Why You Need a Compass When Building Something New
Nov 16, 2025
This morning started with wiring diagrams. I wanted to figure out whether Court 4 could work inside an RV. The questions were practical. Screen sizes. Camera placement. Whether the existing MatchCoach infrastructure at Austin Tennis Academy could integrate with what I was building. The kind of work that feels productive because you can see progress.
Then I caught myself.
I had been sitting at my desk for over an hour with spec sheets spread across the screen. Display dimensions. Refresh rates. Mounting brackets. I was comparing panel sizes like they mattered. Sixty five inches versus seventy five inches. I had the specs memorized but I could not remember why the room existed in the first place.
I was treating the Founders' Room like a media booth. I was talking about it as if better cameras and bigger screens would make it work. As if the right equipment would solve the problem. This was wrong. Completely wrong. And I had done it without noticing.
The Founders' Room has nothing to do with the technology inside it. It never did. The room exists to slow a person down long enough to see what is actually happening inside them. Not what happened on the scoreboard. Not what the replay shows. What changed internally. What shifted before the miss. What pressure felt like when it first arrived.

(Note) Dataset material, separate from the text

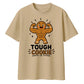 Tough Cookie Muscular Gingerbread Christmas Oversized T-Shirt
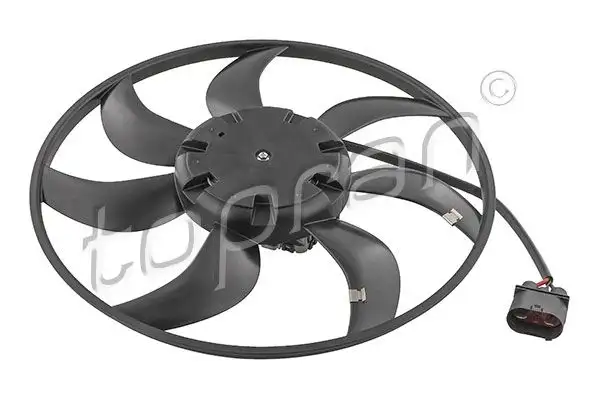 TOPRAN 117457001 Fan Motoru resmi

I had built a complete operating blueprint for this room one month ago. The architecture was clear. Three elements working together. The learner sits in the chair. The AI interlocutor guides the conversation. The human arbiter keeps the process honest. That blueprint captured everything. The ethics. The purpose. The design principles. And somehow, while discussing cable runs and camera angles, I had wandered completely away from it.
The problem was not the blueprint. The problem was my attention. I dropped the compass. I had spent an hour solving problems that did not matter while ignoring the one problem that did. The brain prefers problems with answers. Screen size has a spec sheet. Preserving interior life does not. So the mind chases what it can solve and calls it progress.
When you are deep in the technical work, the technical work starts to feel like the point. The equipment becomes the identity. The specs become the mission. This happens fast. And if you do not catch it, you end up solving the wrong problem.
I am not building a performance analysis tool or a video review system. I am building a place where a person can meet themselves without interference. Where they can see the moment their internal state shifts. Where they can understand pressure before it controls them.
This matters because the problem I am solving is older than tennis. It is the tension between the individual and the system. Between what a learner needs and what a program can deliver at scale. How to preserve the interior life when systems are designed to flatten it. How to scale attention without destroying what makes attention valuable.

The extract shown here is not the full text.